== Segment start ==
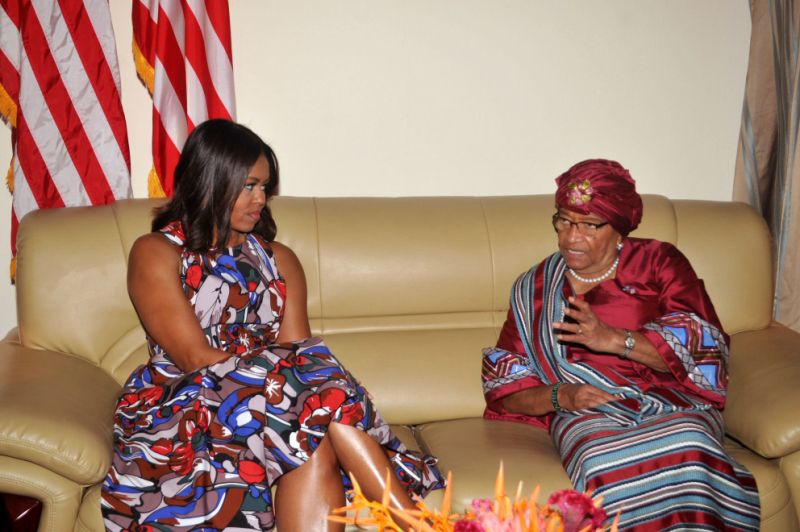 U.S. First lady Michelle Obama, left, listens to Liberian President Ellen Johnson Sirleaf.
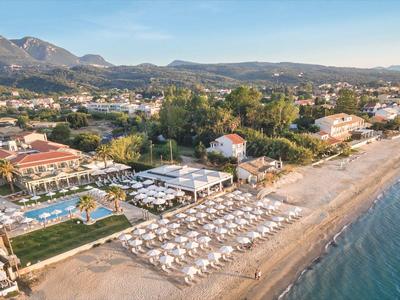 Strand mit Liegestühlen und Sonnenschirmen neben einem Resort am Wasser, Berge im Hintergrund.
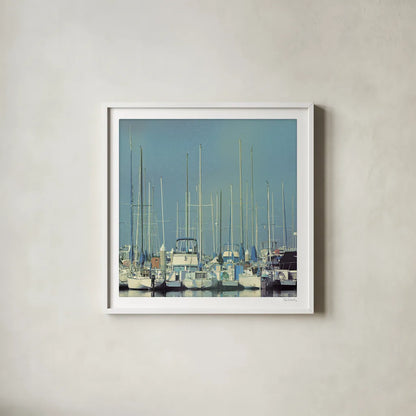 Harbor Boats Blue Sky by Sue Schlabach. Shown in a crisp white glass frame for a clean and minimalist style. Available as an archival giclee rolled canvas, fine art paper, or poster print. SKU 23865a.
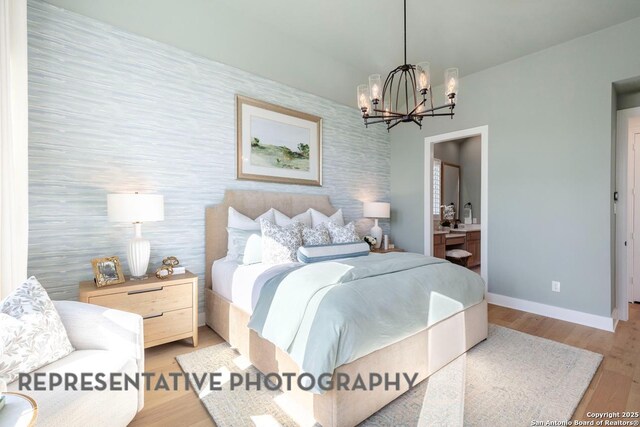 349 Hulda, New Braunfels, TX 78130 - bedroom with an inviting chandelier, wood finished floors, ensuite bath, and baseboards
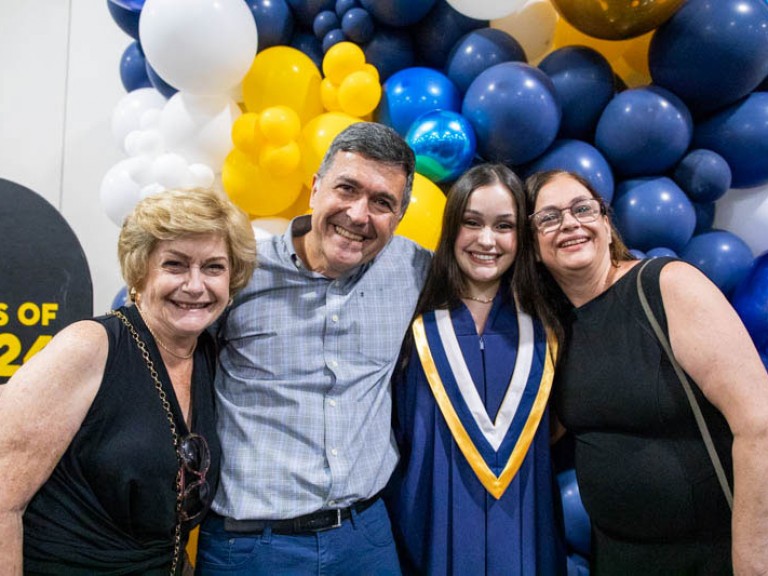 Graduate takes photo with three family members in front of balloons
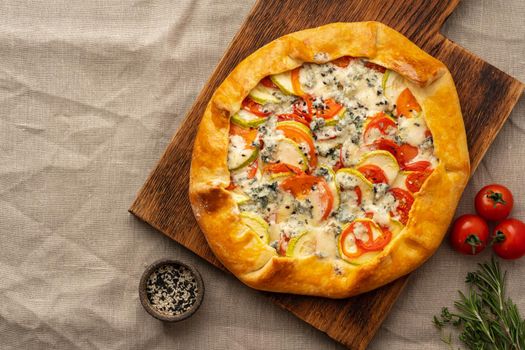 Homemade savory galette with vegetables, wheat pie with tomatoes, zucchini, blue cheese Gorgonzola. Rustic crust crostata on dark linen textile tablecloth.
== Segment end ==
■ ABOUT THIS TASK ■
Dropping every picture, restate the material word for word.

■ ANSWER FOR THIS EXERCISE ■
 U.S. First lady Michelle Obama, left, listens to Liberian President Ellen Johnson Sirleaf.
 Strand mit Liegestühlen und Sonnenschirmen neben einem Resort am Wasser, Berge im Hintergrund.
 Harbor Boats Blue Sky by Sue Schlabach. Shown in a crisp white glass frame for a clean and minimalist style. Available as an archival giclee rolled canvas, fine art paper, or poster print. SKU 23865a.
 349 Hulda, New Braunfels, TX 78130 - bedroom with an inviting chandelier, wood finished floors, ensuite bath, and baseboards
 Graduate takes photo with three family members in front of balloons
 Homemade savory galette with vegetables, wheat pie with tomatoes, zucchini, blue cheese Gorgonzola. Rustic crust crostata on dark linen textile tablecloth.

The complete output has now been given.